┏━━

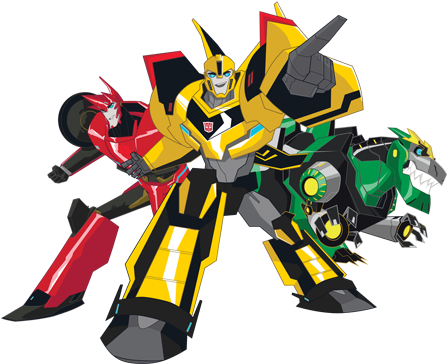 Ca We Have Learned That Robots In Disguise Will Be - Shout! Factory Transformers Robots In Disguise: Season (482x397), Png Download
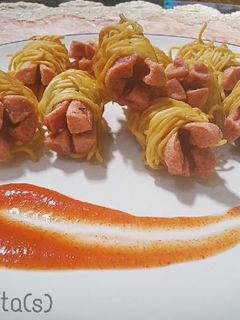 Foto resep Sosis Gulung Mie
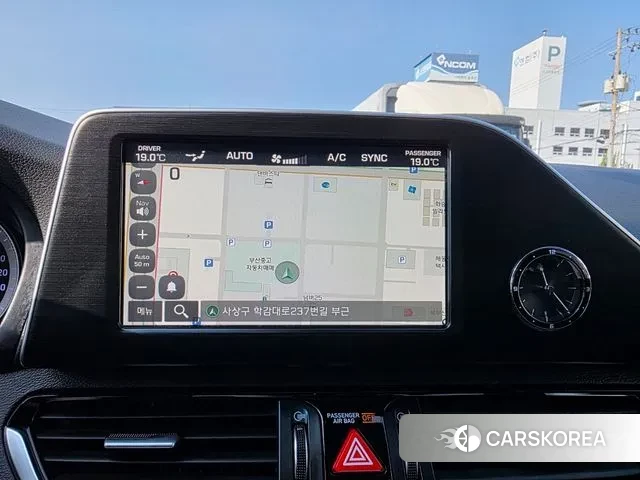 Hyundai Grandeur IG Hybrid 2018 Серый из Кореи, фото 3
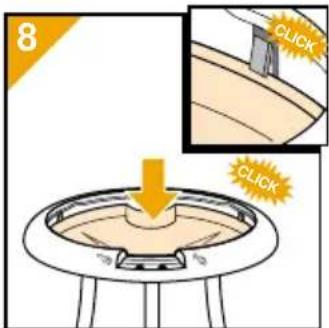 PHILIPS HD4486 - Antes del uso - 2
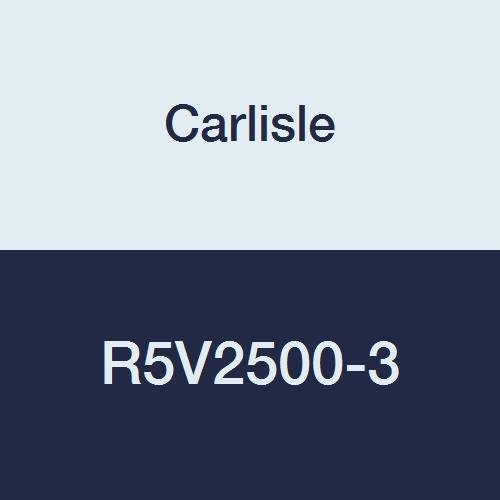 Carlisle R5V2500-3 גומי-פס גומי פס חגורות עטופות עטוף, 251.1 אורך, רוחב 5/8, עובי 7/8 , 9.6 קילוגרם.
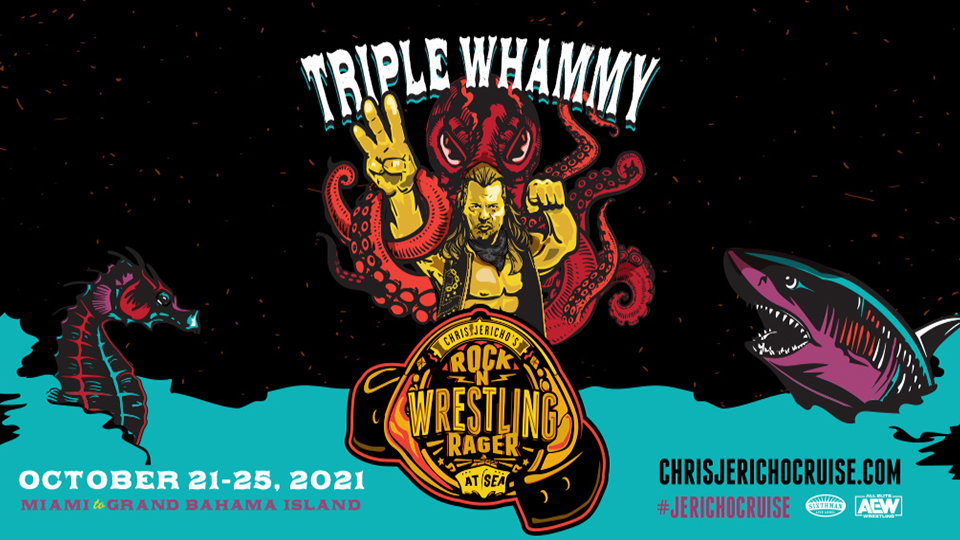 Chris Jericho’s Rock ‘N’ Wrestling Rager At Sea Triple Whammy Postponed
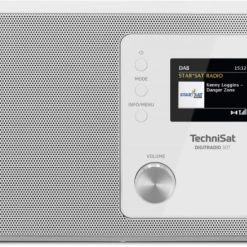 TechniSat DigitRadio 307 Heimradio Weiß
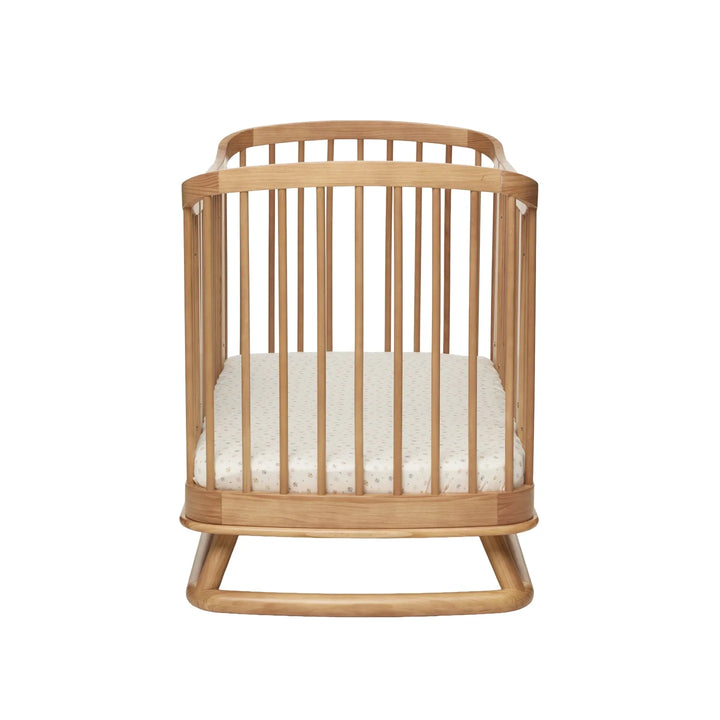 iL Tutto Luca Sustainable Timber Cot in Natural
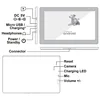 10.1 INCH V9 Tablet Android 8.1 MT8167 Quad Core 1GB RAM 32GB ROM 1280 x 800 IPS Battery 5000mAh 4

┗━━

Work instructions:
Only the lines from the one containing "Hyundai Grandeur IG" through the end of the data above are to be output, exactly and without pictures.

Answer to the exercise:
 Hyundai Grandeur IG Hybrid 2018 Серый из Кореи, фото 3
 PHILIPS HD4486 - Antes del uso - 2
 Carlisle R5V2500-3 גומי-פס גומי פס חגורות עטופות עטוף, 251.1 אורך, רוחב 5/8, עובי 7/8 , 9.6 קילוגרם.
 Chris Jericho’s Rock ‘N’ Wrestling Rager At Sea Triple Whammy Postponed
 TechniSat DigitRadio 307 Heimradio Weiß
 iL Tutto Luca Sustainable Timber Cot in Natural
 10.1 INCH V9 Tablet Android 8.1 MT8167 Quad Core 1GB RAM 32GB ROM 1280 x 800 IPS Battery 5000mAh 4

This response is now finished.